C’est l’antisémitisme populaire qu’a connu Céline au passage Choiseul au sein de la petite bourgeoisie commerçante avec la peur du « terme ».

En France, il faudra attendre l’affaire Dreyfus pour qu’une majeure partie de la gauche rompe avec l’antisémitisme proudhonien. Mais celui-ci subsistera ainsi qu’en témoigne les mots violents de Thorez en 1940 à propos de Blum, considéré comme un bourgeois et un ennemi de classe.

Gérard Filoche s’inscrit dans cette tradition de la gauche française à laquelle il faut ajouter aujourd’hui la mise au ban moral de l’Etat d’Israël accusé de tous les malheurs du monde.

L’antisémitisme contemporain a enfourché un nouveau cheval de bataille : la lutte contre Israël, l’Etat juif « dominateur et raciste ». C’est la monture chevauchée par l’extrême gauche qui se nourrit du fantasme de la domination financière « cosmopolite » d’Israël, via le sionisme, soutenu par la première puissance capitalistique du monde, les Etats-Unis.

« Concernant la gauche traditionnelle, Taguieff relève que des icônes de l’humanitarisme bien-pensant ont mis leur notoriété médiatique au service du national-islamisme du Hamas, sous couvert d’un « soutien à Gaza », c’est-à-dire à une dictature. Ces personnages publics se sont transformés dans les années 2000 en propagandistes anti-israéliens. Le plus célèbre d’entre eux, Stéphane Hessel, en est venu à hurler « Israël assassin ! » à Paris, début janvier 2009, au milieu d’une masse de manifestants pro-Hamas insultant et maudissant les Juifs et l’État juif, sans se sentir gêné d’un tel compagnonnage. » (Mediapart, Daniel Horowitz, Socialisme et antisémitisme, 20 juin 2016)
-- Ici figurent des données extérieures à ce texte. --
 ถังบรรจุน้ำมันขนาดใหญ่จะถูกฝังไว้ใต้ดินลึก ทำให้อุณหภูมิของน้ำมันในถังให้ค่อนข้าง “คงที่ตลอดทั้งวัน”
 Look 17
Avec la proclamation de son Etat en 1948 et le conflit israélo-palestinien, Israël, commode bouc émissaire, fédère ainsi les haines conjuguées de l’extrême gauche, d’une partie de la gauche et de la communauté musulmane. Cet agrégat se fédère dans une vision « islamo-gauchiste » d’un nouveau prolétariat, les musulmans faisant désormais partie intégrante des opprimés de la terre.
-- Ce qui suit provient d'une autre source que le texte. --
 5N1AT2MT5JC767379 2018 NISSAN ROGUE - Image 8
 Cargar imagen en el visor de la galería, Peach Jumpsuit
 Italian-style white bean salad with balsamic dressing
Car, comme le remarque Daniel Horowitz, « La gauche, sociale-démocrate ou pas, extrême ou pas, pense peut-être que se servir de l’antisémitisme afin de galvaniser les masses populaires est un prix acceptable pour que triomphe le socialisme. Cette dérive de type staliniste semble toujours d’actualité pour cette mouvance pseudo-humaniste qui se cherche, mais qui ne se trouvant pas finit par lâcher les Juifs comme on lâche du lest d’un ballon en perdition pour retarder le moment où il va s’écraser. » (Mediapart, Ibid.)